Sérgio
Rodrigues de Souza
Bachelor's
degree in Literature. Post-Doctorate in Social Psychology. E-mail:
srgrodriguesdesouza@gmail.com
ABSTRACT
This essay addresses
the theme of the spheres of scrutiny, in an attempt to make a phenomenological
interpretation of their origin and existence and how they represented enormous relevance
for the life, existence, death and destiny of individuals and entire nations,
surviving to the present day, under a determining symbolic aspect. This is a
bibliographical research, based on epic, classical and historical studies,
until reaching a condition of deep interpretation, a description and a
synthesis that allows to clarify, from a semantic understanding, their
influence on modern thought, keeping alive a tradition and the reminiscences of
a time. The objective of this essay is to understand how the spheres of
scrutiny interfere in the maintenance of harmony and agreement among members of
initiatory orders.
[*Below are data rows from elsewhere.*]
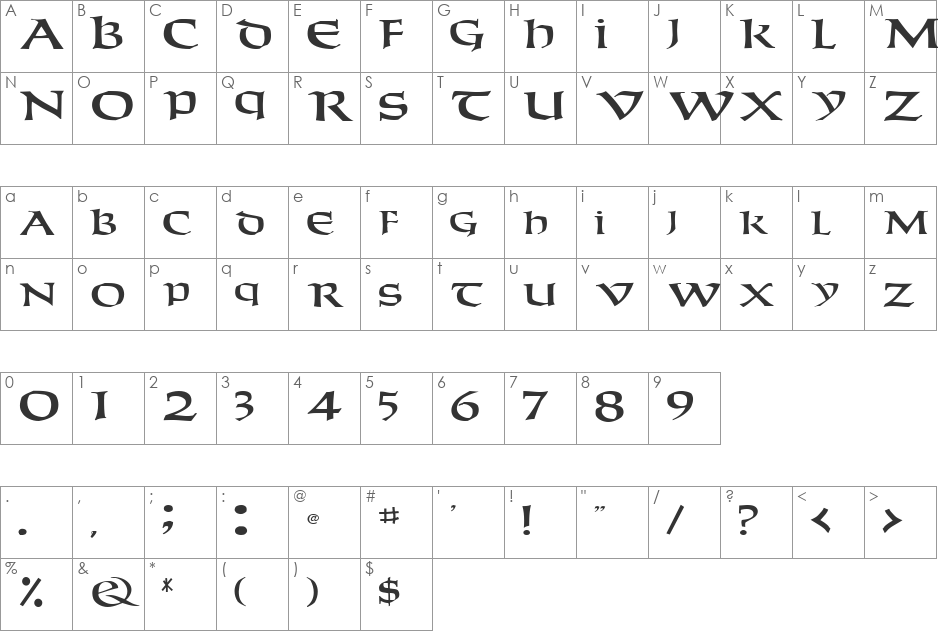 Weekender font character map preview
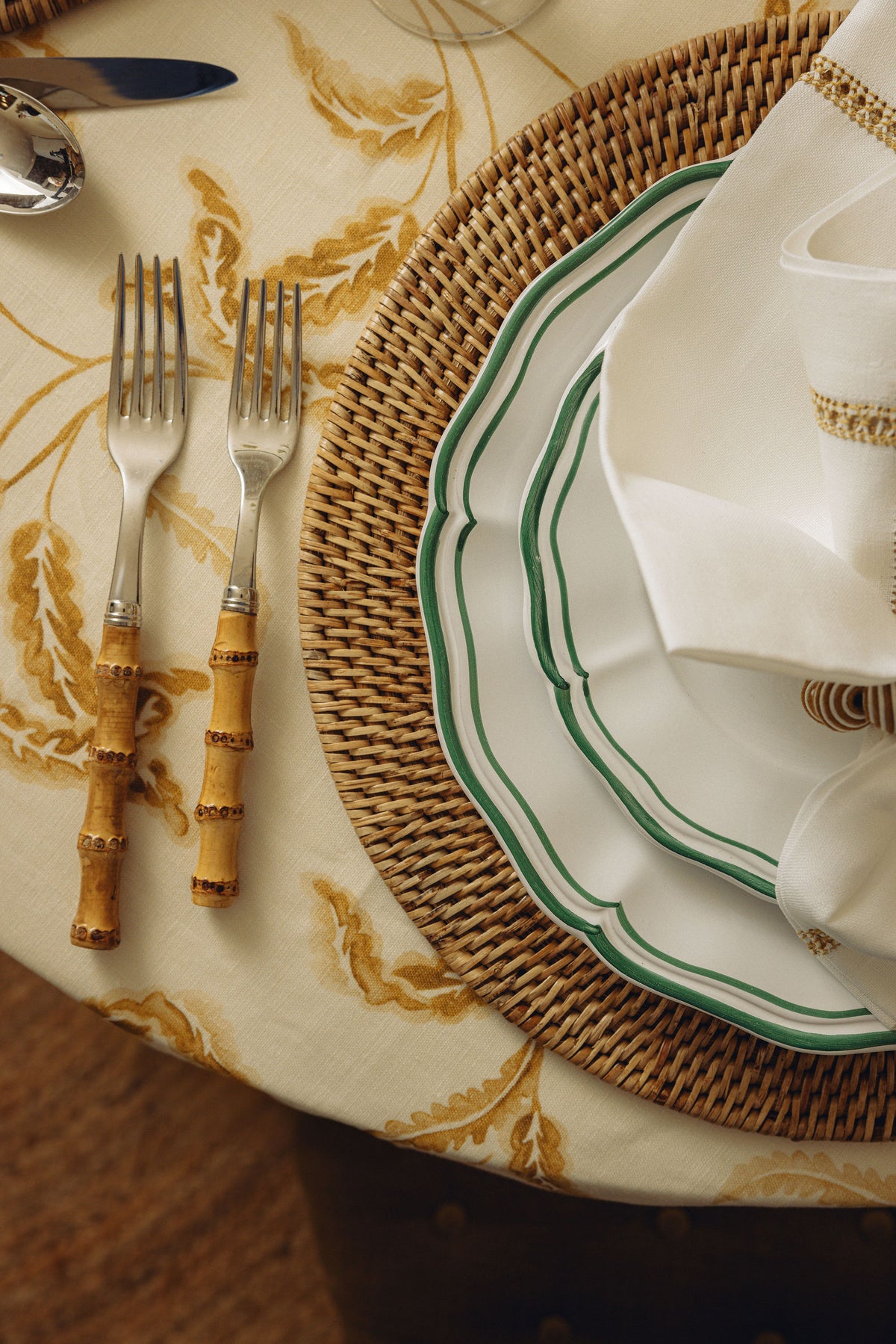 Rattan Round Placemat, Natural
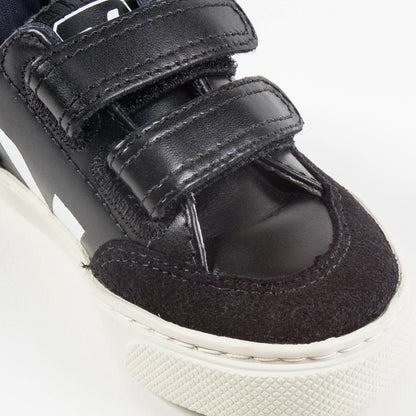 Baby  Boys  Black   Leather Velcro   With  White  "V" Shoes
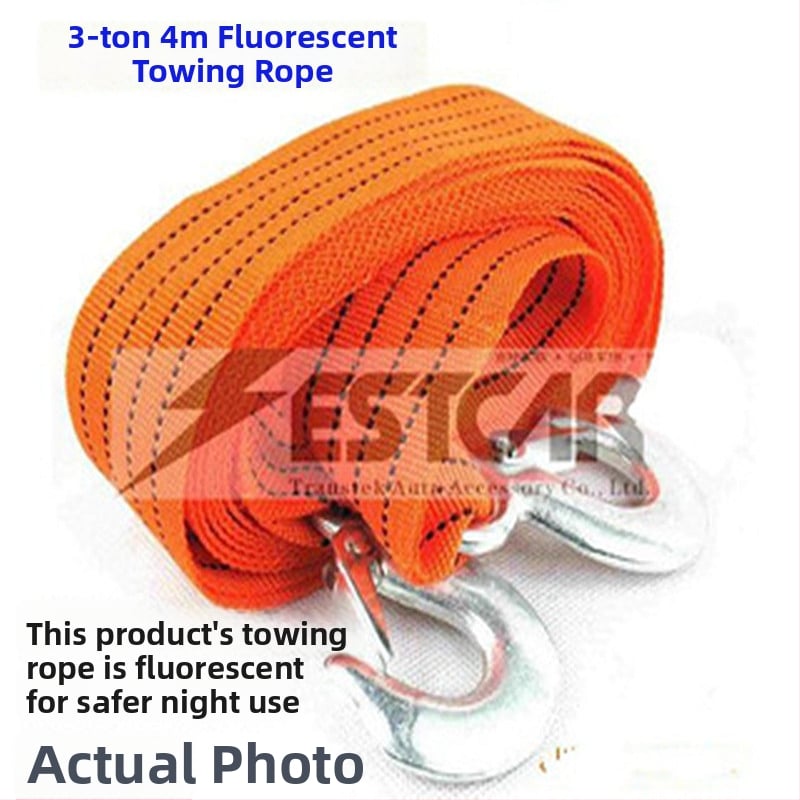 Autó vontató kötél nagy horoggal (BOASE, 3 t teherbírás, polipropilén sík kötél)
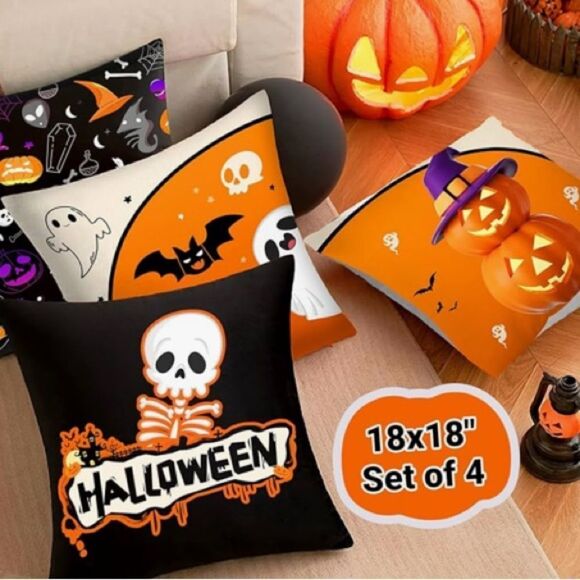 Throw Pillow Covers 18x18 Set Of 4 Halloween, Ghost, Cat, Witch Hat - Picture 1 of 6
The spheres of destiny were so called because they were
responsible for determining the good or bad luck of an individual in moments of
crisis, that is, the fate between life and death would be decided through them
and the decision would be final, because the choice was beyond the possibility
of any human intervention in the process. Nowadays, the secret ballot regarding
the fate of the candidates is more open, a change in the process and, if the
distributor of the spheres is perceptive enough, he or she will be able to know
which of the judges voted for or against the candidate. It is concluded that,
with the development of human thought and its distancing from the mysticism
that marked the beginning of its existence, the power of hidden beings was
suppressed and, along with it, the belief in the inexorability of Destiny,
which caused subjectivity to arise in place of such superstition, the freedom
to judge the causes according to one's own understanding of the causal link
understood about human relations marked by all types of conflict.
Keywords: Stones of Destiny. Spheres of scrutiny. Trial of Orestes. Semantic analysis. Phenomenological interpretation.